**Your instructions:**
Among the entries below, only the lines from the one with "Porsche Panamera 4S" through the one with "MobiFone phối hợp" are to be retyped, exactly and without pictures.

Content starts

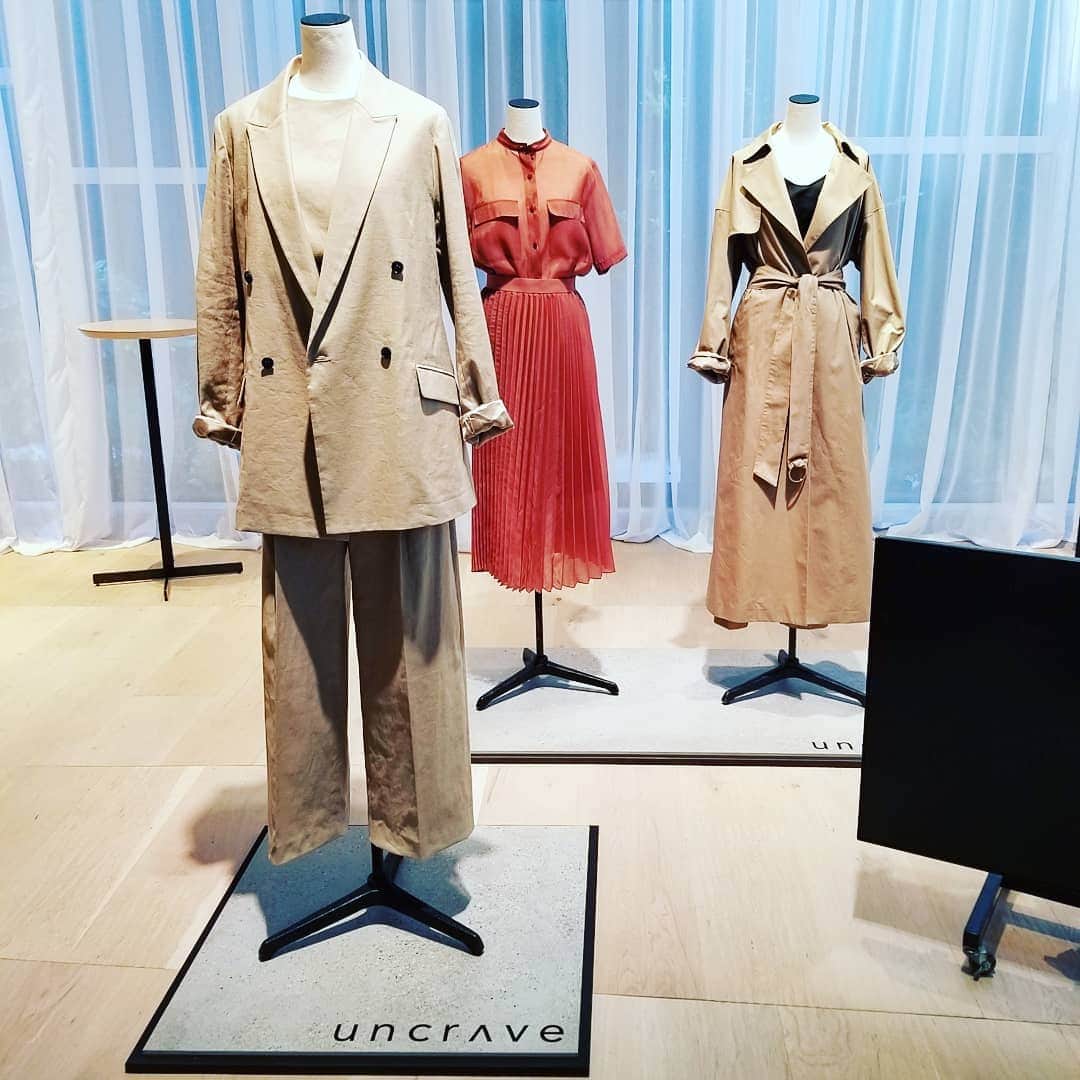 Ginaさんのインスタグラム写真 - (GinaInstagram)「セットアップを軸に展開する新ブランド「uncrave #アンクレイブ」かなり気になってます！ディレクターはエディター東原妙子さん @taekohigashihara 🌹ㅤㅤㅤㅤㅤㅤㅤㅤㅤㅤㅤㅤㅤ "これさえあればいい" と思える服ーーのコンセプト通り、あらゆるシーンで着られて、スタイリングに迷わないアイテムがとっても心強い🤔ㅤㅤㅤㅤㅤㅤㅤㅤㅤㅤㅤㅤㅤ 特に品の良いジャケット類は働くGina世代に欠かせない一枚ですよね！私もカチッとし過ぎない、ラフに羽織れる黒ジャケット、ずっと探してたんですがやっと見つけたかも・・🧡🧡 あぁ、2月21日のデビューが待ち遠しい！  #Gina #Ginamagazine #Gina展示会レポ #uncrave」1月14日 20時13分 - gina_mag
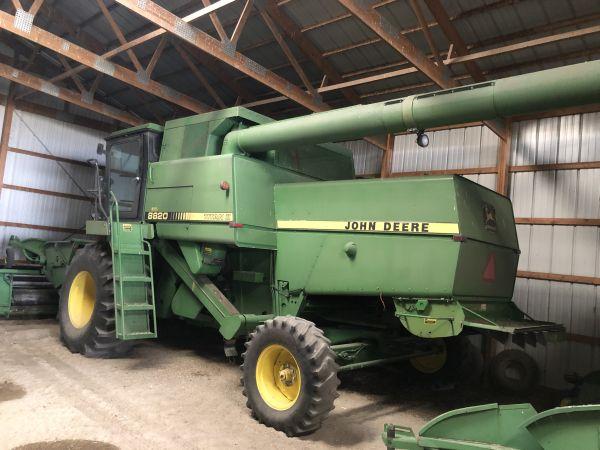 JD 8820 Titan II combine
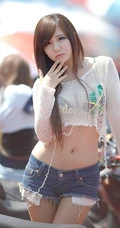 柳智慧_牛仔短裤车展现场美图
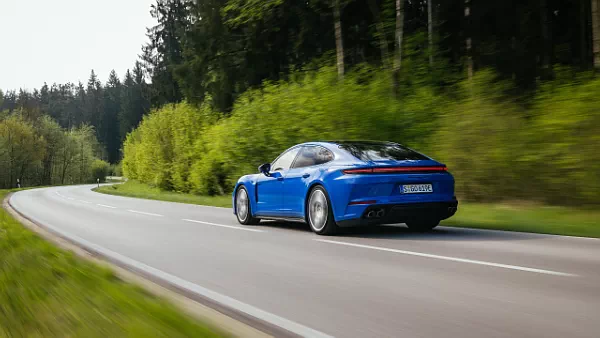 Porsche Panamera 4S E-Hybrid (Lugano Blue) car desktop wallpaper for PC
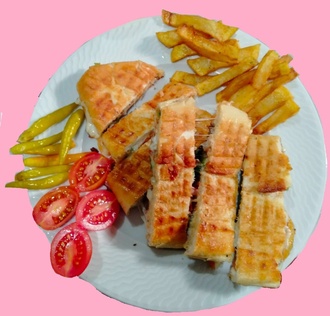 Minik's Special Tost (Yarım) görseli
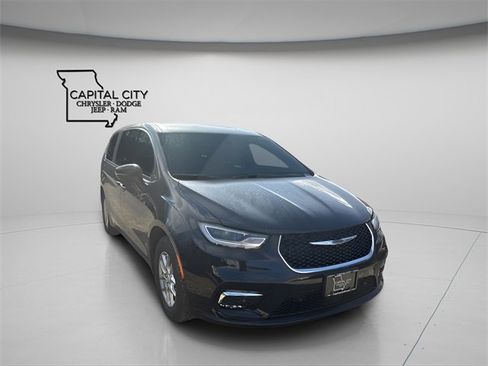 New 2026 Chrysler Pacifica Select image 2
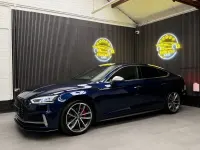Begagnad Audi A5 Design 272 HK (200 kW) 2017 Blå Sportkupé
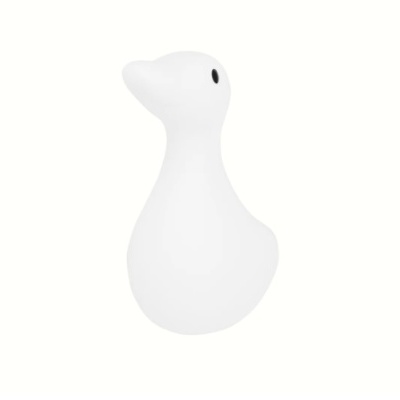 Figura decorativa branca de pato com olhos pretos sobre superfície branca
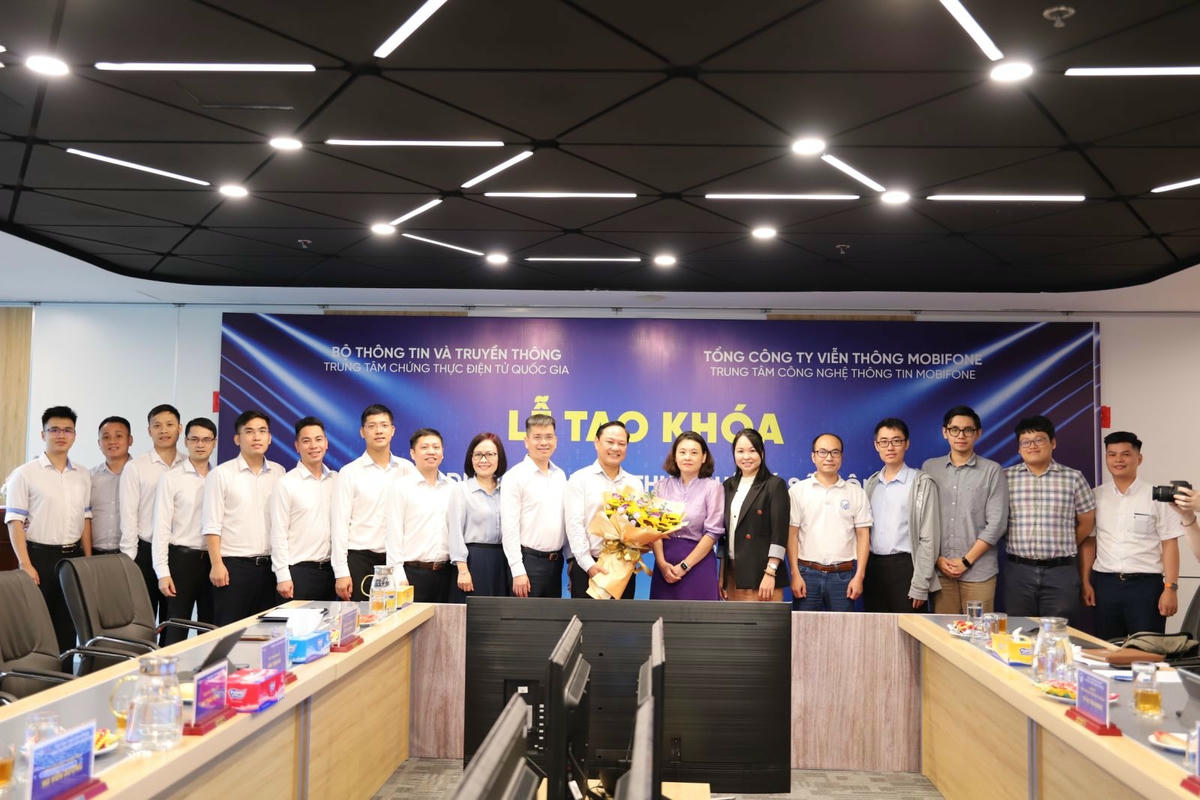 MobiFone phối hợp với đoàn công tác NEAC kiểm tra hệ thống chứng thực chữ ký số.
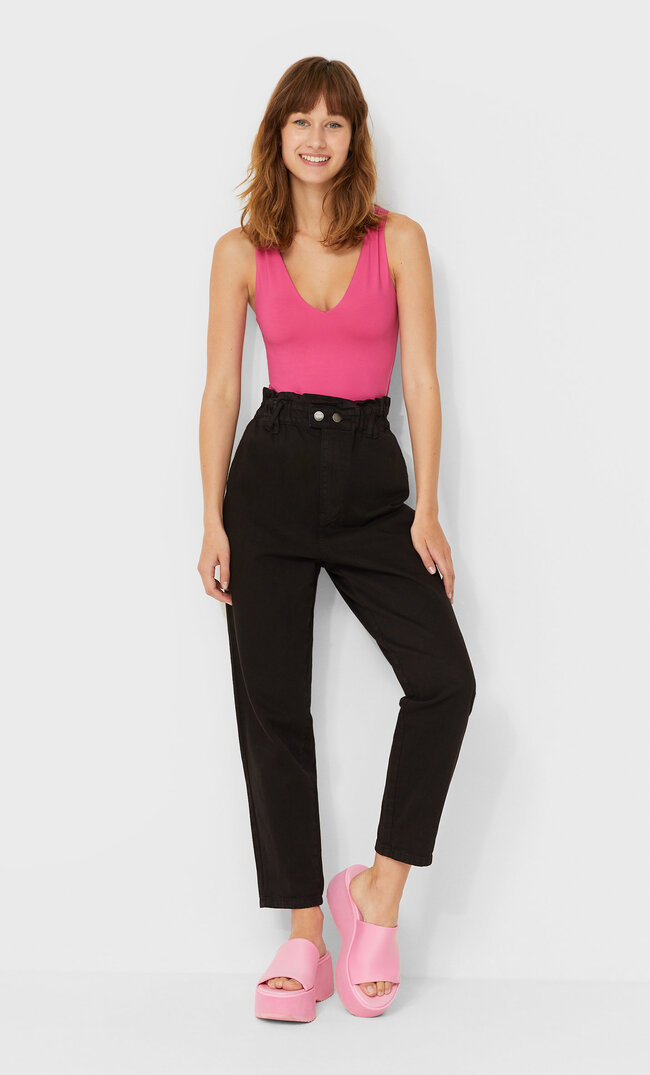 

Stradivarius Jeansy Baggy Z Diagonalu Kobieta Czarny Xs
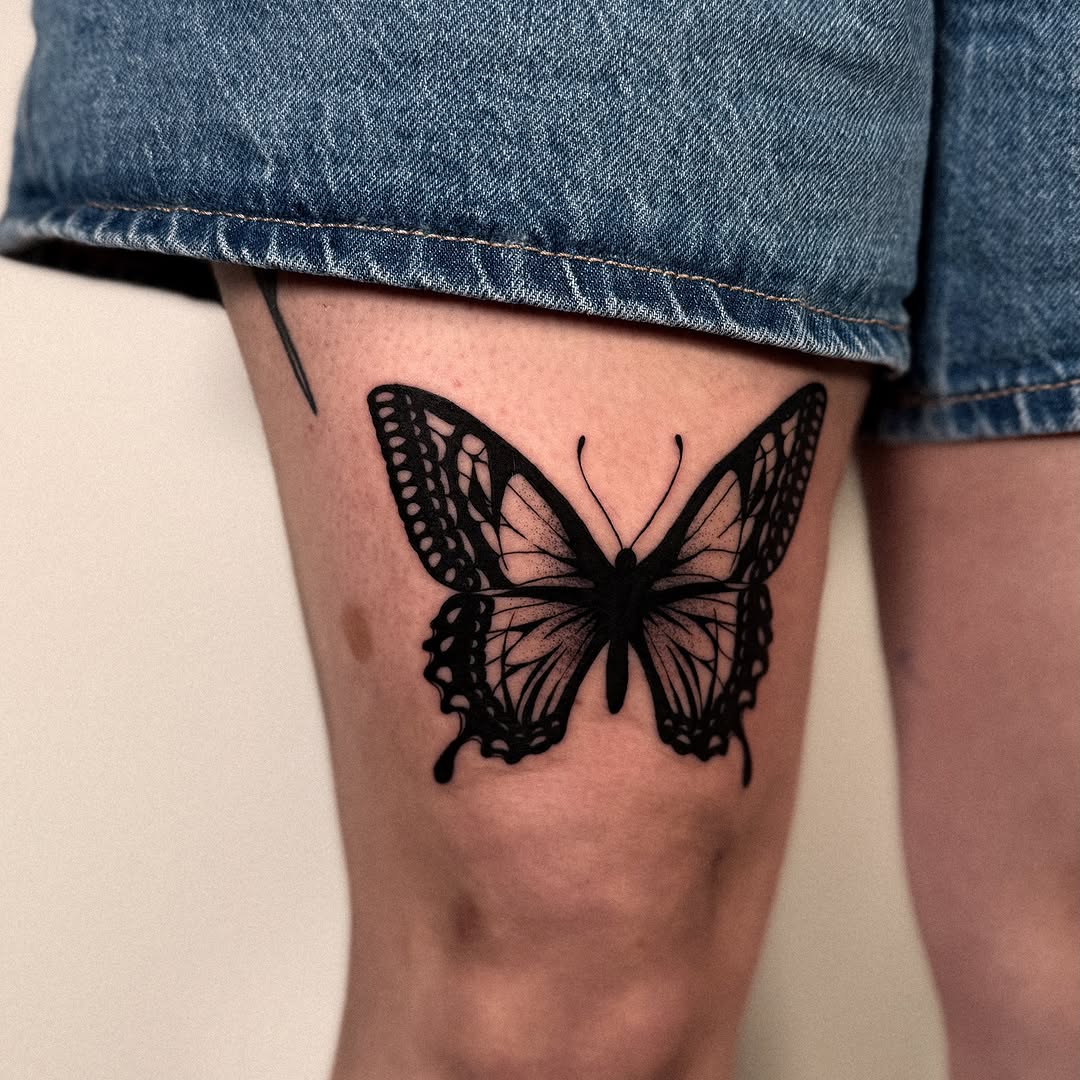Tattoo by @jessbloomtattoo — blackwork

Content ends

**Task solution:**
 Porsche Panamera 4S E-Hybrid (Lugano Blue) car desktop wallpaper for PC
 Minik's Special Tost (Yarım) görseli
 New 2026 Chrysler Pacifica Select image 2
Begagnad Audi A5 Design 272 HK (200 kW) 2017 Blå Sportkupé
 Figura decorativa branca de pato com olhos pretos sobre superfície branca
 MobiFone phối hợp với đoàn công tác NEAC kiểm tra hệ thống chứng thực chữ ký số.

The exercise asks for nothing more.